Sia i nomi degli header che i loro valori distinguono tra maiuscole e minuscole.

Configurare la lista degli IP consentiti

Avete due metodi disponibili per aggiungere gli IP di SMARTFENSE alla lista degli IP consentiti.

Opzione A — Tramite linea di comando (Exchange 2013)

Usate il cmdlet PowerShell Add-IPAllowListEntry. Consultate la documentazione ufficiale Microsoft: https://docs.microsoft.com/en-us/powershell/module/exchange/antispam-antimalware/Add-IPAllowListEntry.

Opzione B — Tramite portale

  1. Accedete al portale di amministrazione del vostro server di posta.
  2. Andate su Admin.
  3. Accedete al menu Exchange.
  4. Andate su Filtro di connessione (all'interno di Protezione).
  5. Premete l'icona della matita per modificare la policy predefinita.
  6. In Indirizzo IP consentito, premete + e aggiungete i tre IP di SMARTFENSE, uno per uno.
  7. Premete OK e poi Salva.

Accesso per creare le regole di flusso di posta

  1. Andate su Admin > Posta > Flusso di posta.
  2. Premete (+) Crea nuova regola.
  3. Premete Altre opzioni.

Importante: se non vedete tutte le opzioni di configurazione, premete il link Altre opzioni nella schermata Nuova regola. Senza questa opzione, non potete applicare molte delle azioni richieste dalle regole seguenti.
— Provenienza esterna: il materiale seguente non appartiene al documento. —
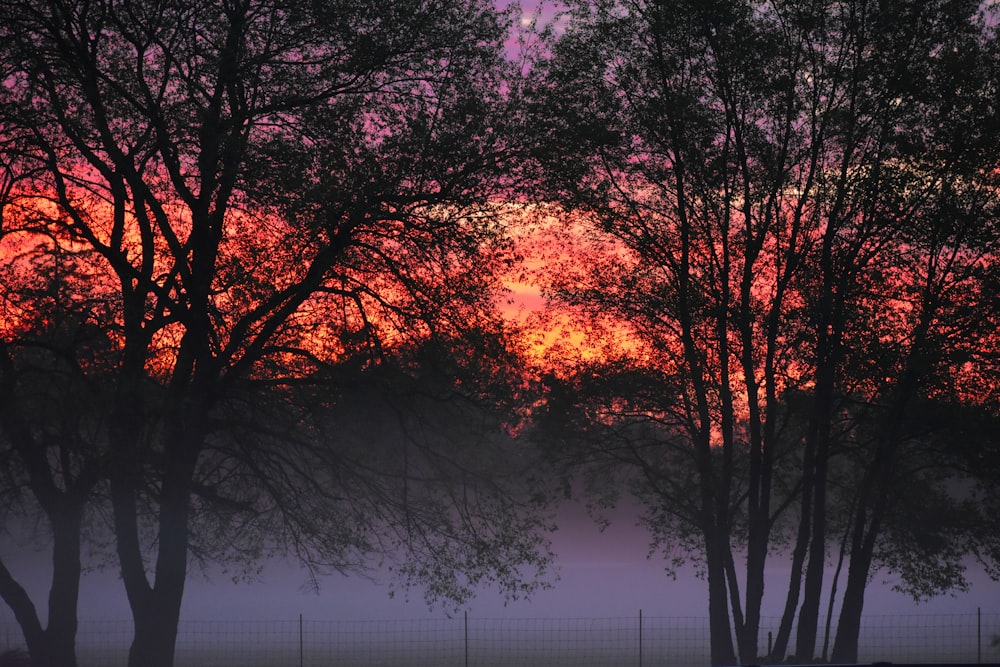 brown trees under purple sky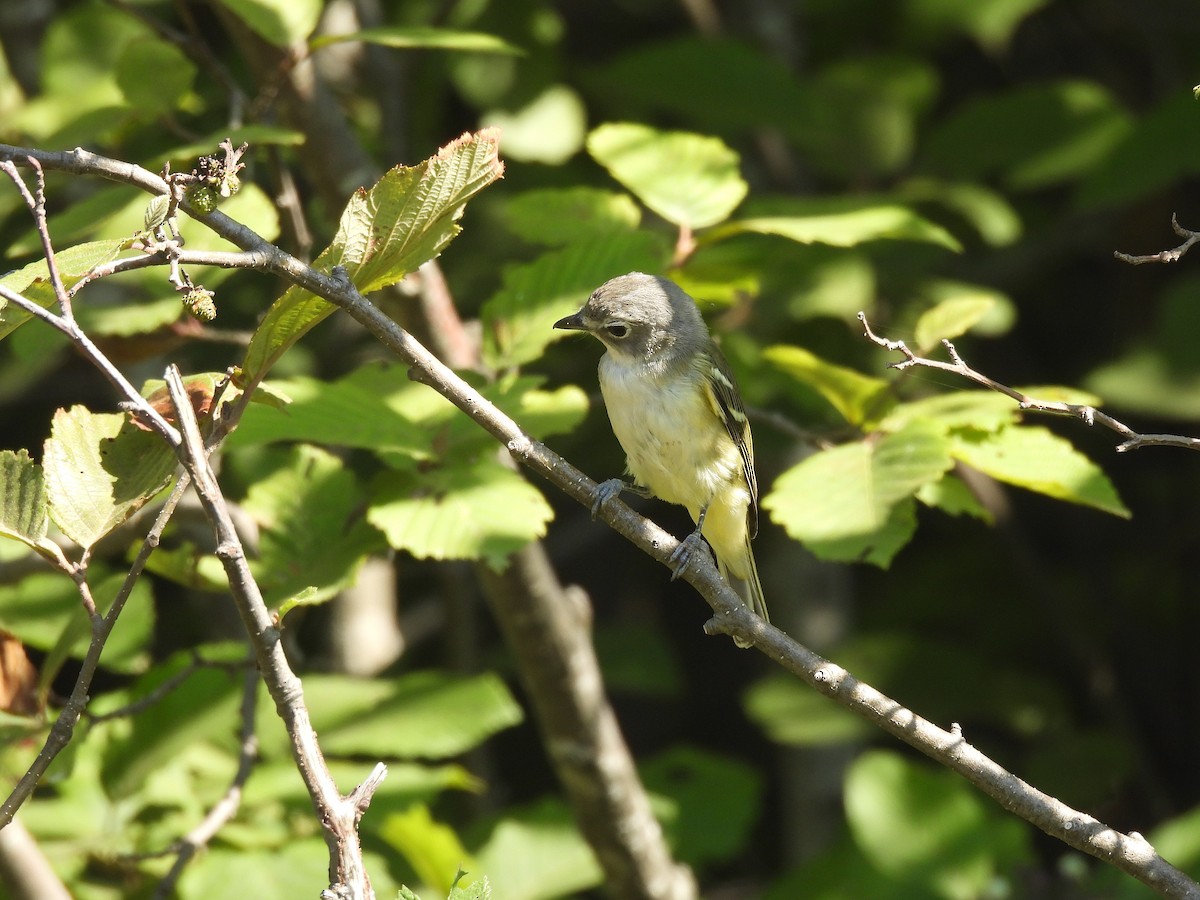 Blue-headed Vireo - ML641089204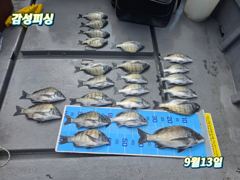 13일(일)4짜감성돔조황입니다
Ripetete il processo per ciascuna delle quattro regole elencate di seguito.

Regola 1 — Bypassare Clutter e il filtro della posta indesiderata

  1. Assegnate il nome Bypassare Clutter e il filtro della posta indesiderata per indirizzo IP.
  2. In Applica questa regola se…, selezionate Il mittente > ha un indirizzo IP che è in uno di questi intervalli o corrisponde a.
  3. Aggiungete i tre IP di SMARTFENSE.
  4. In Fai quanto segue…, selezionate Modifica le proprietà del messaggio > Imposta un'intestazione del messaggio.
  5. Configurate l'intestazione X-MS-Exchange-Organization-BypassClutter con valore true.
  6. Aggiungete una seconda azione: Imposta il livello di fiducia della posta indesiderata (SCL) > Bypassare il filtro della posta indesiderata.
  7. Premete Salva.

Regola 2 — Bypassare la cartella della posta indesiderata

  1. Assegnate il nome SMARTFENSE - Bypassare il filtro della posta indesiderata.
  2. Usate la stessa condizione degli IP.
  3. Nell'azione, configurate l'intestazione X-Forefront-Antispam-Report con valore SFV:SKI;.
  4. Nelle proprietà della regola, assegnate la priorità immediatamente successiva alla regola precedente.
  5. Premete Salva.

Regole per bypassare la protezione Advanced Threat Protection

Vi consigliamo di attendere almeno due ore affinché le regole si propaghino a tutti gli utenti. Testate l'efficacia con un gruppo ristretto prima di lanciare campagne massive.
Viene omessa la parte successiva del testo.